How familiar were you with open source before you joined your current company?

Like I said previously, my transformation all happened at Novell, so before I got involved with the Apache project, I really didn't know what open source was all about. However I had done a lot of shareware so moving from low-cost to no-cost software and dealing with customer feedback, wasn't really a new concept. But collaborating on a single project with engineers from all over the world was new and something that I had to get used to.

Especially dealing with mailing lists and all of the various personalities that you find out there. Learning how to craft your email postings in such a way that would promote the greatest responses and not get you flamed, was sometimes a challenge.

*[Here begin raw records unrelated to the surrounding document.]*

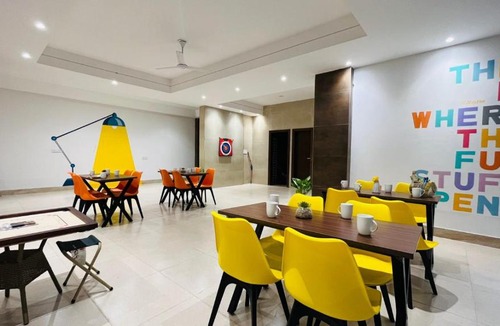 DLF Phase 3 Hotel | BluO Studio4 DLF Cybercity - Balcony, Gym TT, Lift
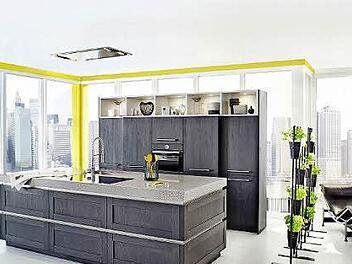 Avantgardistisch: funkelnde Spiegeleinschlüsse verleihen dieser zehn Zentimeter starken Steinarbeitsplatte aus Quarzkomposit das gewisse Extra.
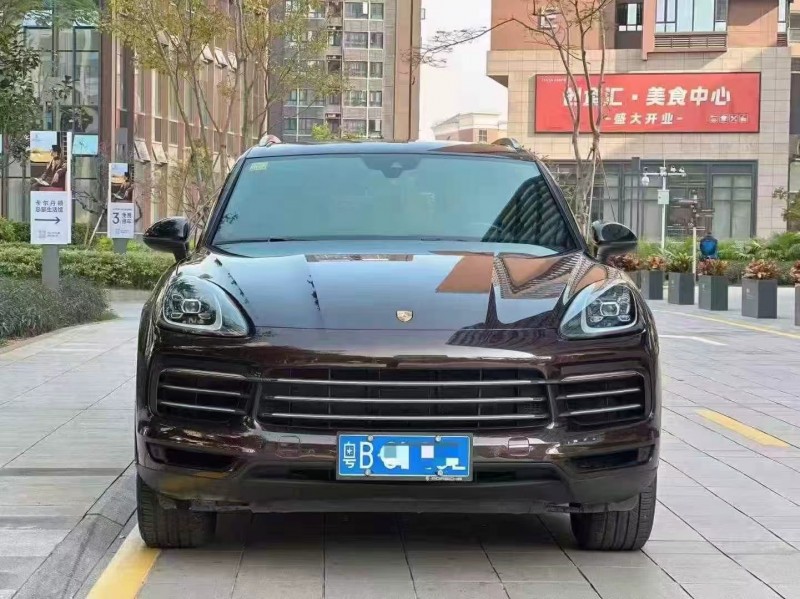 深圳21年保时捷卡宴1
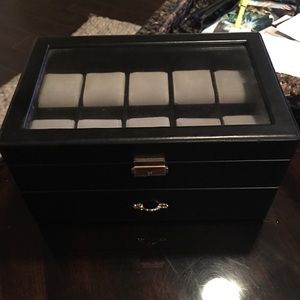 Leather watch case holds 20 watches , No damage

Then understanding that some people are just going to flame you anyway so get used to it, was another new concept. But for the most part, people that monitor the mailing lists are there to help because they have the same interest as you and that is moving the project forward.

Why did you join an open source vendor?

I didn't really join Novell because they were an open source vendor. [Matt's note: In fact, Brad has helped to make Novell an open source vendor.] In fact when I joined Novell, they were still very much in the proprietary world and open source was not really talked about. But with the introduction of the Apache web server on the NetWare platform as well as some other projects like Perl, PHP, Tomcat, OpenSSH, it became obvious that open source was significant and couldn't be ignored.

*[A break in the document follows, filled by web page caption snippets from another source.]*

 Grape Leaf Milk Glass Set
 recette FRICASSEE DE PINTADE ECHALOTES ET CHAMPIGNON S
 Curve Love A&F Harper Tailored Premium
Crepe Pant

At that point, things just started to change around Novell. The SuSE acquisition happened, development tools and processes changed and the environment and culture changed with it. There are still some people and some processes that revolve around the proprietary software world, but then that would only make sense, because Novell in still a "for profit" corporation.

How long did it take you to adjust to an open source operational mode?

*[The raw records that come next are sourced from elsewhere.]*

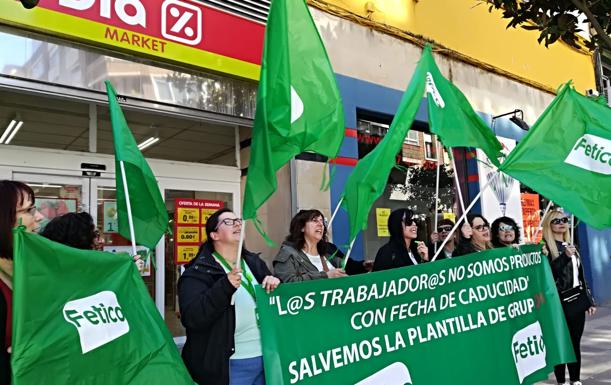 IU el PCE exigen soluciones para los trabajadores afectados por el ERE de DIA en El Bierzo y reclama empleo estable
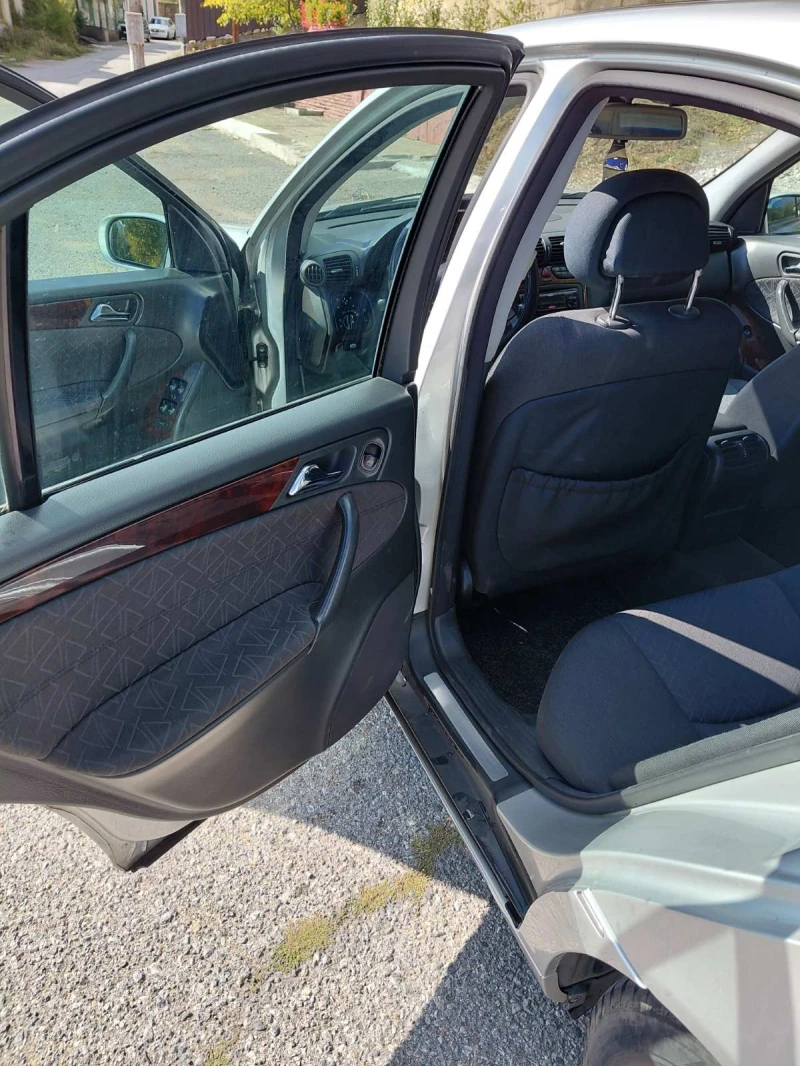 Mercedes-Benz C 180, снимка 2 - Автомобили и джипове - 52645675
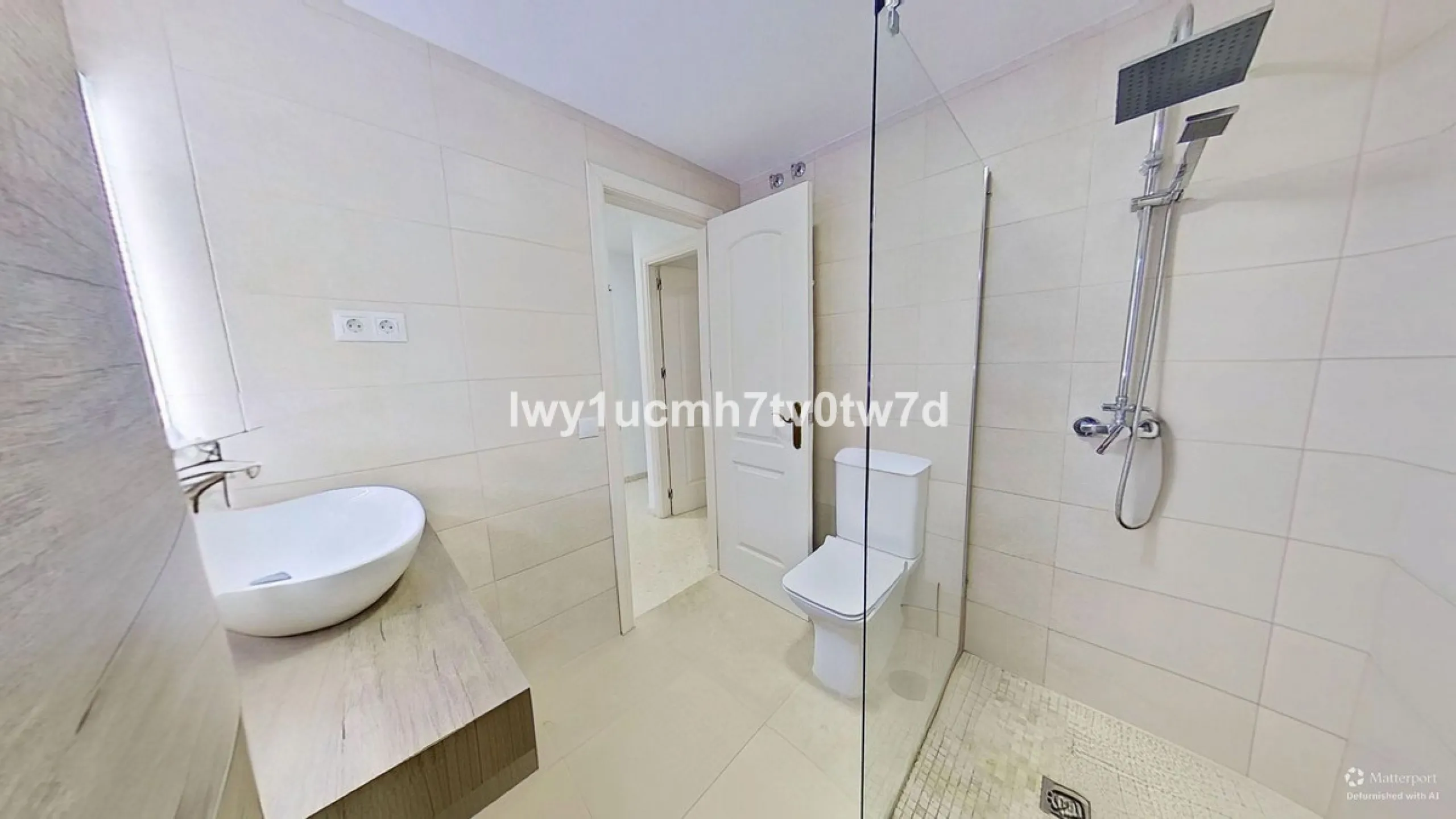 GREAT OPPORTUNITY – BEACHFRONT PROPERTY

I'm not sure that I will ever be completely adjusted to an open source operational mode. I'm not sure that I want to be. Moving from a completely proprietary operational mode to understanding how to work and live in an open source world, didn't really take that long. But I see some open source developers out there that seem to regard open source like a religion. It appears to consume every part of their lives and they appear to be everywhere and have an opinion about everything.

There are times when I feel like I am not doing enough when it comes to calling myself a member of the Apache Software Foundation. I should be more involved with the foundation itself and express my opinions more on all of the various mailing lists. But then that would require me to have to spend a lot more time reading all of the thousands of emails every week and having to formulate and articulate an opinion on all of them. Life is too short to spend it all in front of a computer. But that is one of the beauties of open source, it allows me to spend as much or as little time as I have available, do what I can, put forth my best effort and leave the rest for somebody else.

What do you think open source companies could learn from proprietary vendors?

I'm not really sure how to answer this question, mainly because I never really made the jump from a completely proprietary company to an open source company. It all happened gradually for me. The easier question is what can proprietary companies learn from open source? I guess if I were to pick something, it would be the value of good documentation. As a software engineer myself, I am just as guilty as the next engineer of producing so-called "self documenting code" and then leaving it up to the poor consumer to figure out what is really going on. But good documentation really goes a long way to promoting open source software. If people understand how to use the product, they are more likely to actually use it. Wow, what a concept. ;)

I think you can see why I enjoyed working with Brad so much. He's a straight shooter, and very down-to-earth about his accomplishments. Brad epitomizes the best that Novell has to offer.